Generated harness artifacts included:

  • .harnessgym/skills/tensor-plan-optimizer/SKILL.md
  • .harnessgym/mcp/tensor-plan-server/tensor_plan_server.py
  • .harnessgym/mcp/tensor-plan-server/harnessgym-mcp.json
  • .harnessgym/fixtures/tensor_plan_attempt1_best.json
  • .harnessgym/tests/test_tensor_plan_mcp.py

The first generated MCP server qualified in a fresh copied workspace with 1 active MCP and 9 active tools. Later iterations extended the same MCP to 15 active tools.

A/B Compare Run

Compare output:

tmp/tensor_layout_qual_compare_20260519002004

Report:

tmp/tensor_layout_qual_compare_20260519002004/compare_report.json

Command:

PYTHONPATH=src python3 -m harnessgym.cli compare \
  --workspace-template examples/tensor_layout_pipeline_task \
  --task task.md \
  --artifact-source tmp/tensor_layout_qual_exp_20260518232349/.harnessgym \
  --output-dir tmp/tensor_layout_qual_compare_20260519002004 \
  --trials 1 \
  --iterations 1 \
  --attempt-timeout 5m \
  --runner exec \
  --score-key best_cycles \
  --stop-score 1 \
  --task-state continue \
  --post-command "python3 benchmark.py --json --mode final" \
  --post-score-key best_cycles \
  --post-timeout 2m \
  --overwrite

Both trials received one 5-minute attempt. The harnessed trial required active generated harness tooling and passed that validation.

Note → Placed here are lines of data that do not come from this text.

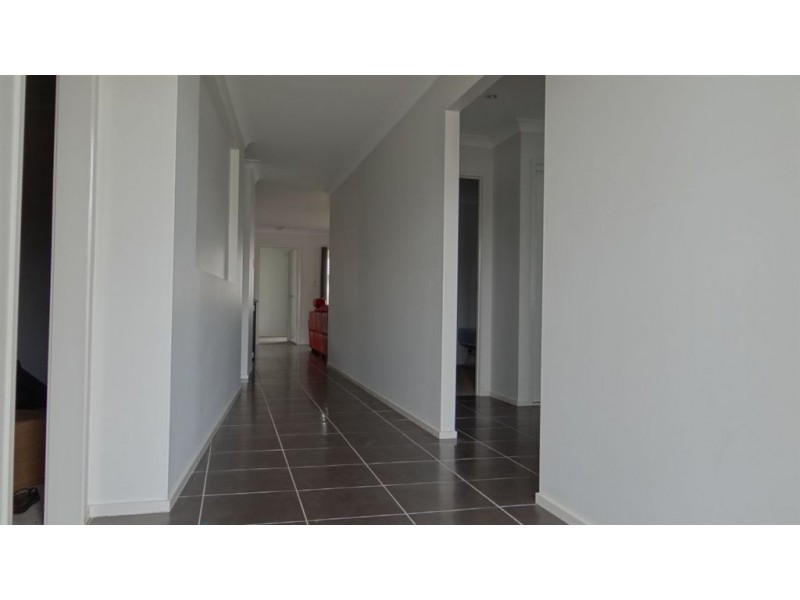 18 Merion Crescent, North Lakes QLD 4509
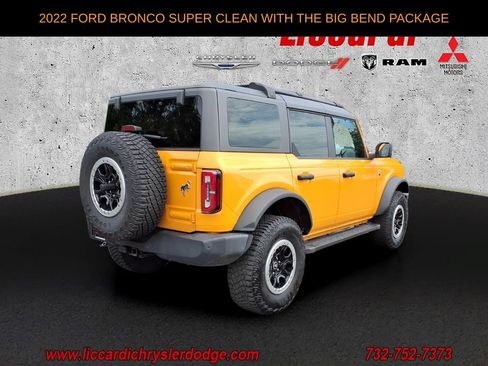 Used 2022 Ford Bronco Big Bend w/ Sasquatch Package AWD/4WD image 4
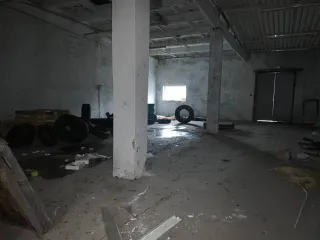 Здание 7858,3 кв.м и земельный участок 13650 кв.м в Калининградской области, Гурьевский район, поселок Поддубное, улица Лесная, дом 1. Земельный участок кадастровый номер 39:03:090910:24, площадь 13650 кв.м, категория земель: земли населенных пунктов, вид разрешенного использования: для…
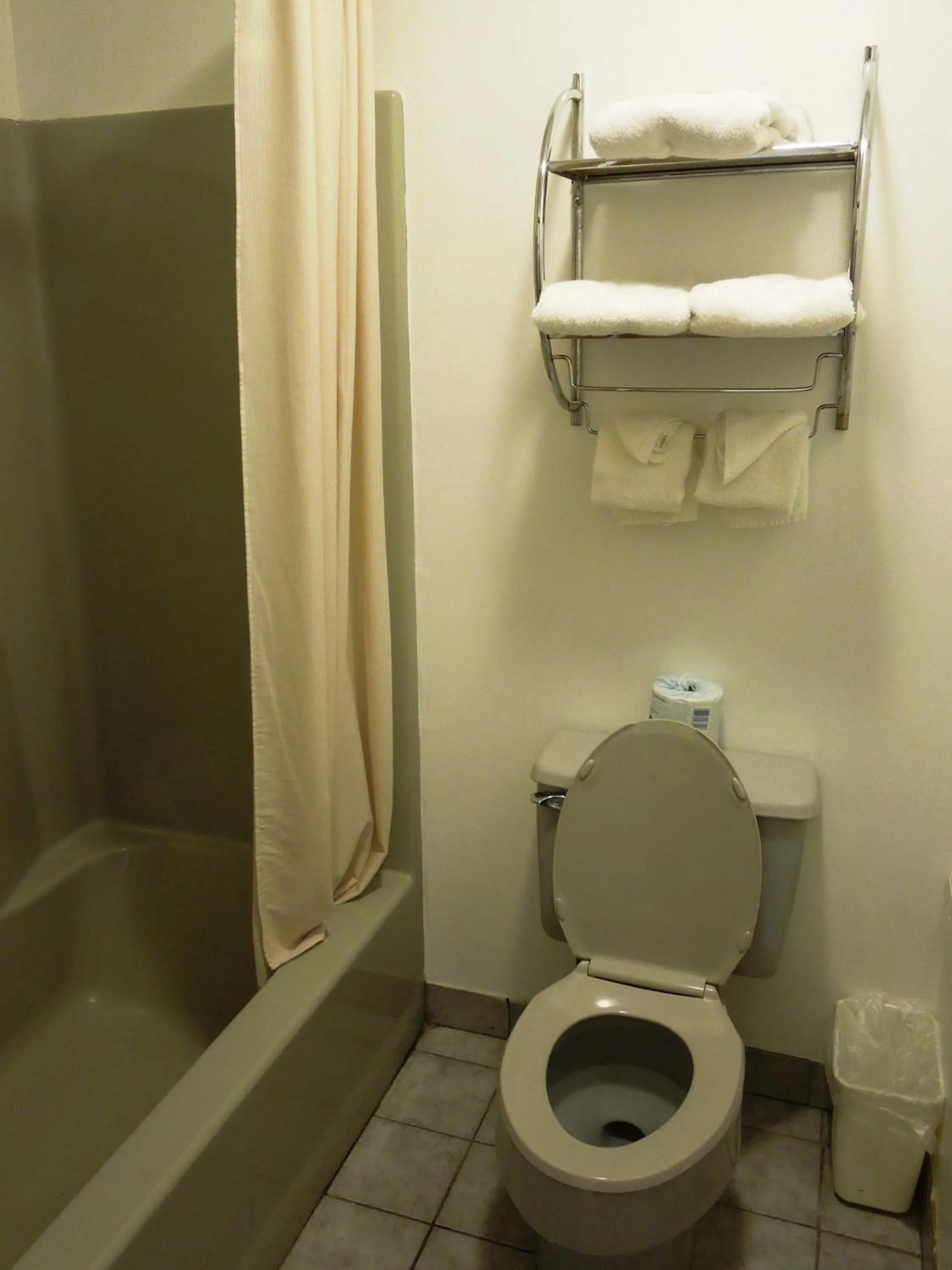 Bathroom in Executive Lodge Absecon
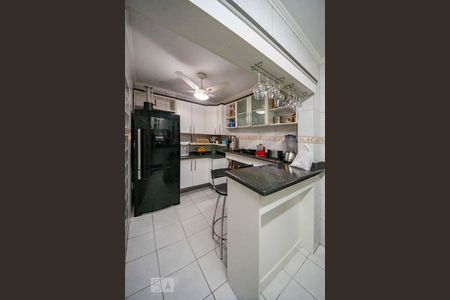 Apartamento à venda com 90m², 2 quartos e 1 vaga Apartamento à venda com 90m², 2 quartos e 1 vagaCozinha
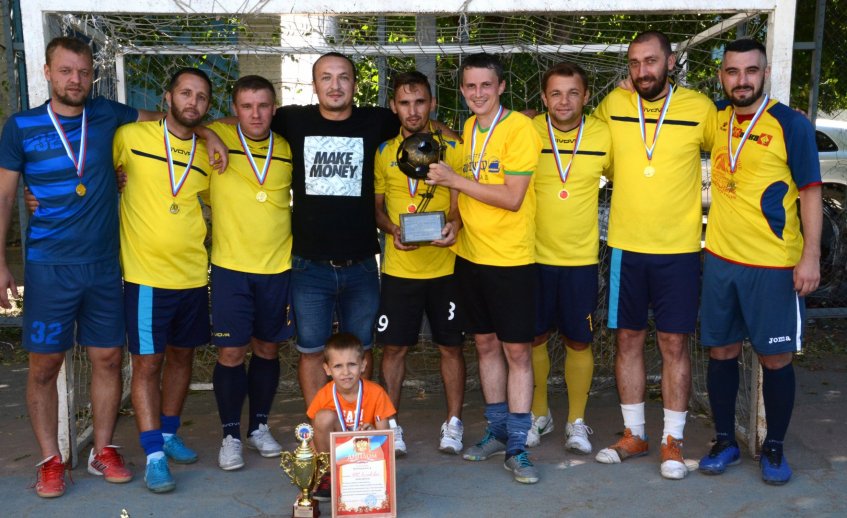 Команда «Ростов-Дон» впервые стала обладателем Кубка Распутина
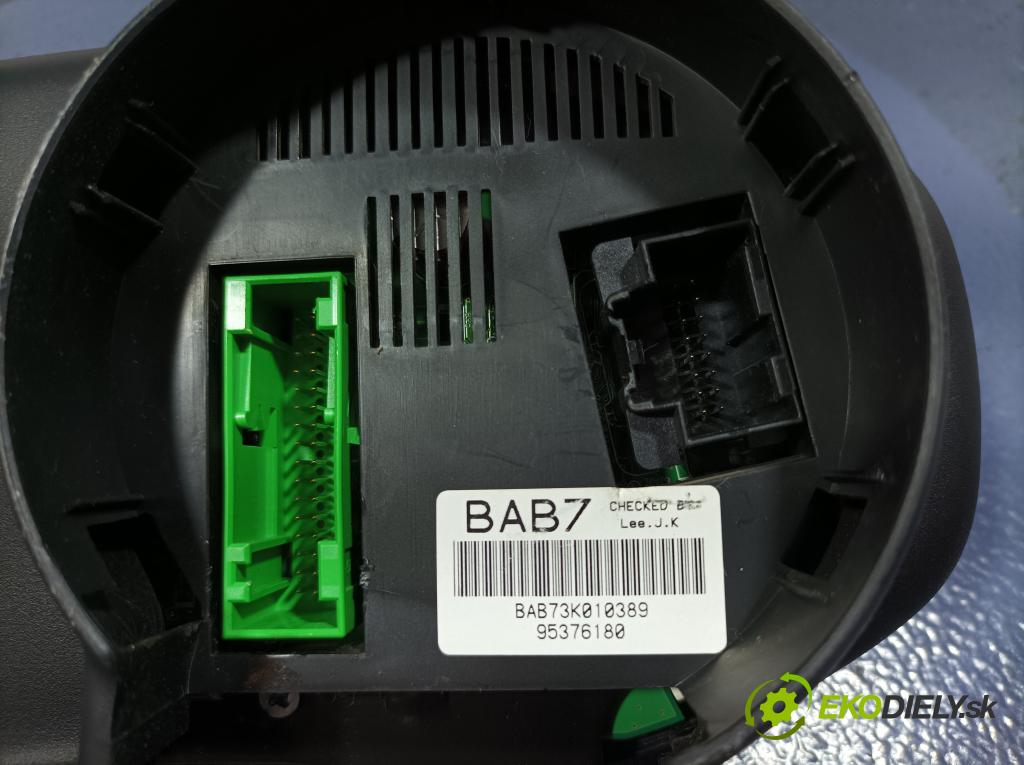 Chevrolet Spark 2013 prístrojovka/ budíky 95376180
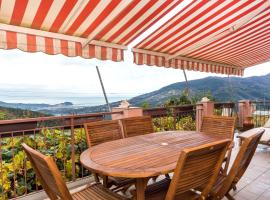 SESTRI Villa Vignolo with POOL, Hotel in Sestri Levante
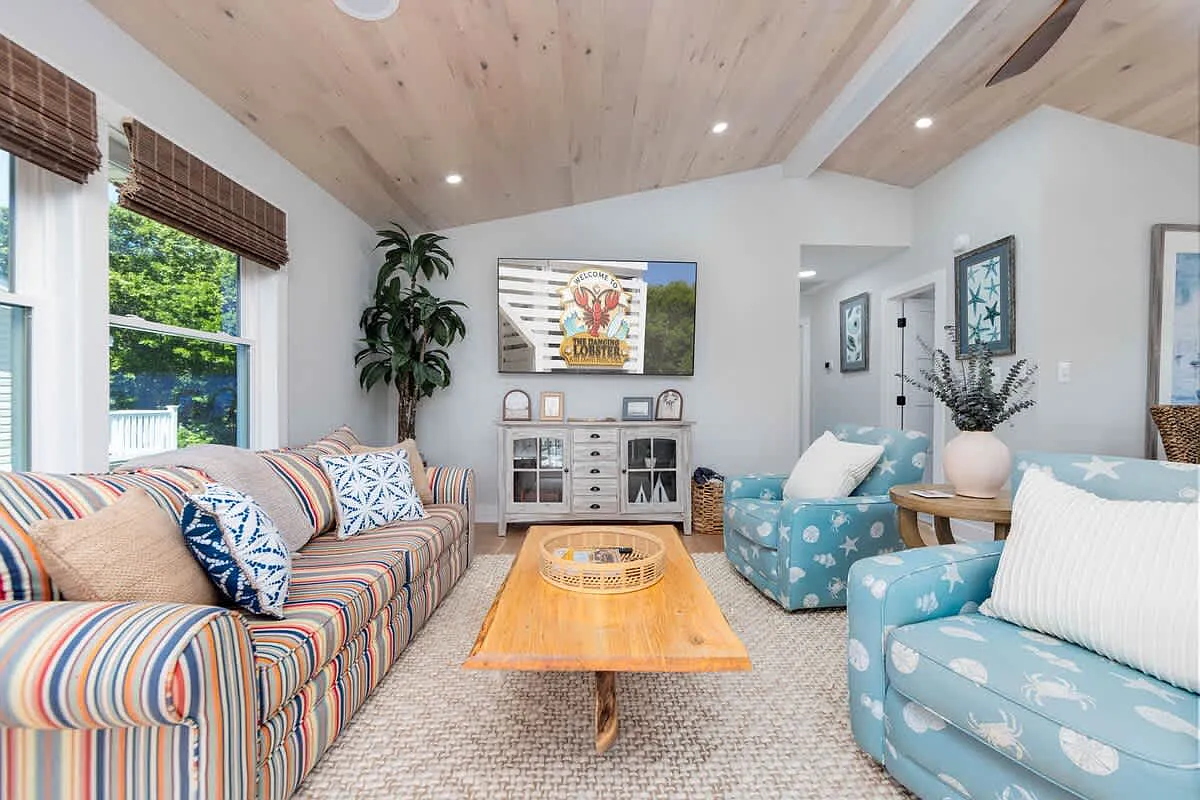 2 bed, 600 sqft, $2,300 — Photo 1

Group Attempt Budget Active MCPs Active Tools Final Score
Plain Codex 5m 0 0 33,975,173
Harnessed Codex 5m 1 15 1,495,982

Harnessed replay result:

  • 95.60% lower best_cycles than plain Codex.
  • 22.71x lower best_cycles.
  • Objective verifier completed successfully in both trials.

Active MCP tools in the harnessed replay:

  • apply_best_verified
  • apply_candidate
  • benchmark_plan
  • bounded_exhaustive_search
  • candidate_diff
  • compare_history
  • export_candidate_fixture
  • local_neighborhood_search
  • numerical_check
  • rank_next_experiments
  • resume_search_history
  • run_objective
  • search_plans
  • trace_summary
  • validate_plan

Notes

  • This was one A/B trial, not a statistical benchmark.
  • Iteration 2 exposed a real edge case: source-workspace activation can diverge from fresh qualification when generated self-tests depend on mutable task state. Final fresh qualification and the A/B harness replay were clean.
  • The compare gate now rejects harnessed trials when required generated MCP tools are unavailable, which protects against accidental "harnessed" runs that did not actually activate the harness.
  • The run and compare artifacts are under tmp/ and are intentionally not committed.